I lived in Kars for ten years between 2001 and 2011. This place was unlike anywhere I had lived or visited before. It wasn’t just its wide streets, splendid stone buildings, and vast, unbroken pastures, which gave one a feeling of ‘no limits’, its people were also different – both from anyone I’d known up to then, and from each other. The sounds, words, sayings, pleasures, laments, traditions, and political and social practices were rich and varied to an extent you wouldn’t expect to encounter in a tiny city.
Of course, it was possible to observe traces of this diversity in the food and drink culture. By 2005, the perception of ‘threat’ – a relic of the Cold War era – had fallen into relative decline in the region. In parallel, thanks to the efforts of local governments, many national and local non-governmental organisations and key individuals, the distant Kars in people’s minds seemed to come closer. Meanwhile, although the Orient Express had not become popular yet, the requirement to obtain permission from the military to visit the ancient city of Ani had been abolished, and Orhan Pamuk’s novel Snow (which was set in Kars) had already been published.
The number of people going to Kars increased rapidly, as reflected in the festivals, exhibitions, music videos and movies shot by famous artists; this led to the opening of new food-and-drink and accommodation enterprises. This is where I became acquainted with hangel, the subject of this article, after the KAMER Foundation – which is based in Diyarbakır, Turkey, and supports women’s participation in economic life while taking into consideration the cultural background of the cities in which they work – opened the Kamer Kitchen and Cafe in Kars, in 2007.
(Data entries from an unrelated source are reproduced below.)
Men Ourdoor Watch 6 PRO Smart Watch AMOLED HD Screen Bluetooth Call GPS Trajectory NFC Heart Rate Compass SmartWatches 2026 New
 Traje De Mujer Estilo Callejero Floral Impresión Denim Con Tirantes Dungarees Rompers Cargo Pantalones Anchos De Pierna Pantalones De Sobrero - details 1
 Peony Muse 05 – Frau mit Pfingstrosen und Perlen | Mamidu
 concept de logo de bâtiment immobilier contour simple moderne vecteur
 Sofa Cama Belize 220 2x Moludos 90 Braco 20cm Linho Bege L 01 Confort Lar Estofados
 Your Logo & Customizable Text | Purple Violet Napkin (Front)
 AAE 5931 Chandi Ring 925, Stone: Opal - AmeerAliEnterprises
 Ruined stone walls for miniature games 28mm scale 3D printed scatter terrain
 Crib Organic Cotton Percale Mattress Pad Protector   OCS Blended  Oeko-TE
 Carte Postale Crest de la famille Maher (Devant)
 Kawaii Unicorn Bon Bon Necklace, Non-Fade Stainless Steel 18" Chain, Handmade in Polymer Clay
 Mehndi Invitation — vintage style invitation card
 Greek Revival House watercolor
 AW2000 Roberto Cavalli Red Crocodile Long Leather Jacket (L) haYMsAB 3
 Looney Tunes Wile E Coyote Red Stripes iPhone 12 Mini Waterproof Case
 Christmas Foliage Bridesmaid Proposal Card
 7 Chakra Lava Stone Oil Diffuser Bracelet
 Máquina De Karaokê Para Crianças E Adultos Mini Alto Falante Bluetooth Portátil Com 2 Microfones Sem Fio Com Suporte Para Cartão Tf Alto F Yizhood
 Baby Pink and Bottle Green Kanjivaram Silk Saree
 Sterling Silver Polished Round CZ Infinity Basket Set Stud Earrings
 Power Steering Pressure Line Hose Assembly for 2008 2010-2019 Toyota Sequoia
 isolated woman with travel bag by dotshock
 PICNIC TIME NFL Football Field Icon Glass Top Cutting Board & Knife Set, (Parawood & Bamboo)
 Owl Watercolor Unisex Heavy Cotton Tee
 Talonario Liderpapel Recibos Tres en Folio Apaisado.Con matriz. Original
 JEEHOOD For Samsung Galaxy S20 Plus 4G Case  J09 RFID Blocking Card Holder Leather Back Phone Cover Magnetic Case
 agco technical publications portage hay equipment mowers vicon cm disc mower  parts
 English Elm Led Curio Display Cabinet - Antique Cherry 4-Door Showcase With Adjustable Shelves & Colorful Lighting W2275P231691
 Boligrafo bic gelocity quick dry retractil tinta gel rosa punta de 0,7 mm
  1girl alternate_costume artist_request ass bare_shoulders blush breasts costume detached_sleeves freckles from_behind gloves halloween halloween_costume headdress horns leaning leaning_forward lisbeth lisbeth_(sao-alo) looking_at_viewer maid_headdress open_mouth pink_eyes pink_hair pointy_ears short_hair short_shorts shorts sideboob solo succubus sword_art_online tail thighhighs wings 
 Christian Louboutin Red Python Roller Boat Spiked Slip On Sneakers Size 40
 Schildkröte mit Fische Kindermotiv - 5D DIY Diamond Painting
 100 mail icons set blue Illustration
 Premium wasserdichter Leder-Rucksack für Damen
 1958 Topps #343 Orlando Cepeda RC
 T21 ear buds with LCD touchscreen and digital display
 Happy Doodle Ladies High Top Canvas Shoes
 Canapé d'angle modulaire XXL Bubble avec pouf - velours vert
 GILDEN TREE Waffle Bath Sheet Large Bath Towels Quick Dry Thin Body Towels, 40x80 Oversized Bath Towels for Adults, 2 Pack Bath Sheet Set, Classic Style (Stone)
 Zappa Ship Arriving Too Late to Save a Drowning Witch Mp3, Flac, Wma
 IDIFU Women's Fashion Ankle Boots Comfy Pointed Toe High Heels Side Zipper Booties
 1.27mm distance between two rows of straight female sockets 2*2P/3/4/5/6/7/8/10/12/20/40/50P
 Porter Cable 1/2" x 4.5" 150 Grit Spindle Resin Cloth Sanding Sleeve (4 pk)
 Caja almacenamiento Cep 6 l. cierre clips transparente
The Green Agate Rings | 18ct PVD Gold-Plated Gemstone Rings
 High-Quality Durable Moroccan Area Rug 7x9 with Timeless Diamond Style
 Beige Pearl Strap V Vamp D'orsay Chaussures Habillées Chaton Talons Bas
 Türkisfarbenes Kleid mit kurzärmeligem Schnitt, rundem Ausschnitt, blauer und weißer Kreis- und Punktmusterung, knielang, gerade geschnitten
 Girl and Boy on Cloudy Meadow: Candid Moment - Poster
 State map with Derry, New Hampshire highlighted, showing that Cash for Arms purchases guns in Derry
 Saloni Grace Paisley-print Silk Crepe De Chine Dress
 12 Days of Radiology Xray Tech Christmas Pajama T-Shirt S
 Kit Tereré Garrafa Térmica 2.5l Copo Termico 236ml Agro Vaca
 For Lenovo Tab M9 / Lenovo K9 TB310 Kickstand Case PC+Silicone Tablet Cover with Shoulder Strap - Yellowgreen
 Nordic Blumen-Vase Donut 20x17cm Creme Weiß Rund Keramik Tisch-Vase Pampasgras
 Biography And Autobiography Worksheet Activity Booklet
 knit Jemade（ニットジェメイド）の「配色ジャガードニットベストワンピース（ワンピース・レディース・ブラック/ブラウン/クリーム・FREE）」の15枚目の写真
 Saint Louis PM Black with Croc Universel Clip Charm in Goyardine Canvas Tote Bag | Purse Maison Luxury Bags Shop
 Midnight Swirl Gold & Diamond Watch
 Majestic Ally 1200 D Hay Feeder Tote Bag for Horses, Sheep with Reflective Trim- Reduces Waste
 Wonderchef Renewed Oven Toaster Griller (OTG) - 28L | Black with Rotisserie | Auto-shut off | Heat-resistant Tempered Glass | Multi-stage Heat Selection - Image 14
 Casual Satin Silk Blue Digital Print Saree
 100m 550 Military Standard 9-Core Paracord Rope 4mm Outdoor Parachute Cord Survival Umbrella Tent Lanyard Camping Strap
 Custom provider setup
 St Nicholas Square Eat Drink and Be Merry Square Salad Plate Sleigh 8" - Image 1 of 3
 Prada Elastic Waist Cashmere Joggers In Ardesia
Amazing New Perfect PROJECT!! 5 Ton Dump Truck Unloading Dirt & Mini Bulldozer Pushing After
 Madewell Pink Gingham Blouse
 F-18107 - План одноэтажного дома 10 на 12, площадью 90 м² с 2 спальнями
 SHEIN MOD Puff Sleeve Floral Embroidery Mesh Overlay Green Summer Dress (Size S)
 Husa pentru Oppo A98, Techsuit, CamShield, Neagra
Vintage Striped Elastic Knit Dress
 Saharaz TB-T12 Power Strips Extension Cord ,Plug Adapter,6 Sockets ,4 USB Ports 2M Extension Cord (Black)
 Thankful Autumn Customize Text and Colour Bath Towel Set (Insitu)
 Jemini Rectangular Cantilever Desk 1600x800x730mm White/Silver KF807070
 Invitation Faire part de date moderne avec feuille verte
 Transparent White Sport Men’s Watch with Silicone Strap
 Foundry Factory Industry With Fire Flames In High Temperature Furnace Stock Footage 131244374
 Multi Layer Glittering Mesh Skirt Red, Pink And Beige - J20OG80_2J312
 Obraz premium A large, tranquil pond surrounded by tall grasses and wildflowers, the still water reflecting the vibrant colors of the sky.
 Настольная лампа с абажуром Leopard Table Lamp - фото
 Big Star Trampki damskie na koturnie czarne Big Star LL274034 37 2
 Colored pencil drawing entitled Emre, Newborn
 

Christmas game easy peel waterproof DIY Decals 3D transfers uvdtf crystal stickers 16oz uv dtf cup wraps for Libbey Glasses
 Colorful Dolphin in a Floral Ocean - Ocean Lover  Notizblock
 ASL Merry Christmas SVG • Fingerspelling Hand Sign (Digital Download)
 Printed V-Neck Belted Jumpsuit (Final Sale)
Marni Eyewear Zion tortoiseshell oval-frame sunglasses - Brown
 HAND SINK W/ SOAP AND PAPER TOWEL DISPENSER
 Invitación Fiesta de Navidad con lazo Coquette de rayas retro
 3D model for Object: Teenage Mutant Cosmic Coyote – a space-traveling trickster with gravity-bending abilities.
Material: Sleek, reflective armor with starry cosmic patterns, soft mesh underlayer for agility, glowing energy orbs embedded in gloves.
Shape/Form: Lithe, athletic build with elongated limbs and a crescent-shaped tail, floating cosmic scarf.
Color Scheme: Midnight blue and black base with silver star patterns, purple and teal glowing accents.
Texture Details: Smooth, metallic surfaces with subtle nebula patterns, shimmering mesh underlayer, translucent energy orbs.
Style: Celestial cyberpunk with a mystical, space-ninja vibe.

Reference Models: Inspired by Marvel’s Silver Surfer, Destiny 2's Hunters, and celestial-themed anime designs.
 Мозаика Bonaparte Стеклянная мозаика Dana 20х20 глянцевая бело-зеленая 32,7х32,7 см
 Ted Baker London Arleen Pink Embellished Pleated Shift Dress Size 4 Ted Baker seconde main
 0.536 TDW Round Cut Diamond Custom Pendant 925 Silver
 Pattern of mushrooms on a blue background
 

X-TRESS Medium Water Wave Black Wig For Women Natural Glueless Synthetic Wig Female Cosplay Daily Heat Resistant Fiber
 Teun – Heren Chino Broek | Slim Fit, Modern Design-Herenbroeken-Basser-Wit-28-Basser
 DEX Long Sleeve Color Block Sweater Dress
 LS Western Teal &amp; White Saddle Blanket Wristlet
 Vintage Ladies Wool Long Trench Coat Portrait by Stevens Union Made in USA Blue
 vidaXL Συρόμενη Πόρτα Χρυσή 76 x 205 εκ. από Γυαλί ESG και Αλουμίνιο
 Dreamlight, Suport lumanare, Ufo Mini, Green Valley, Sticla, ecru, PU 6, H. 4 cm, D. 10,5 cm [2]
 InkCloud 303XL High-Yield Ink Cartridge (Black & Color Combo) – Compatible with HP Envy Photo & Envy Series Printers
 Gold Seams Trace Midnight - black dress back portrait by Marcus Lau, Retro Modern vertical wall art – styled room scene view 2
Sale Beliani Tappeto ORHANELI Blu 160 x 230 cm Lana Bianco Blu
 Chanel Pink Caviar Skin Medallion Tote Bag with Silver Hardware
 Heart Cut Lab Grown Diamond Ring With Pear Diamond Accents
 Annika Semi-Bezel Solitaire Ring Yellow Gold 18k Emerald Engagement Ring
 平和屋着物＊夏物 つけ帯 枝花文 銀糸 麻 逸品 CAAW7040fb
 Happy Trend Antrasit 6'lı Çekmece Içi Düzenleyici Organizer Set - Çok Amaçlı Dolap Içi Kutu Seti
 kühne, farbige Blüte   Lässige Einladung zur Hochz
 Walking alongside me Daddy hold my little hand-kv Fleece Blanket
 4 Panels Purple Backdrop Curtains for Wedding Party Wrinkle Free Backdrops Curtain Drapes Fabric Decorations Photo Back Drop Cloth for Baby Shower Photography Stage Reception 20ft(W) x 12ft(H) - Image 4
I don’t think it would be wrong to say that hangel was a dish made only at home up to then. And I think there may be several reasons for this: First, it was thought to be pointless to try to find this taste outside of home since the most delicious hangel was made by mothers and grandmothers at their kitchens. In addition, because hangel is not stuffed with meat like mantı, it might not be considered a ‘palatable' dish to be included on a restaurant menu.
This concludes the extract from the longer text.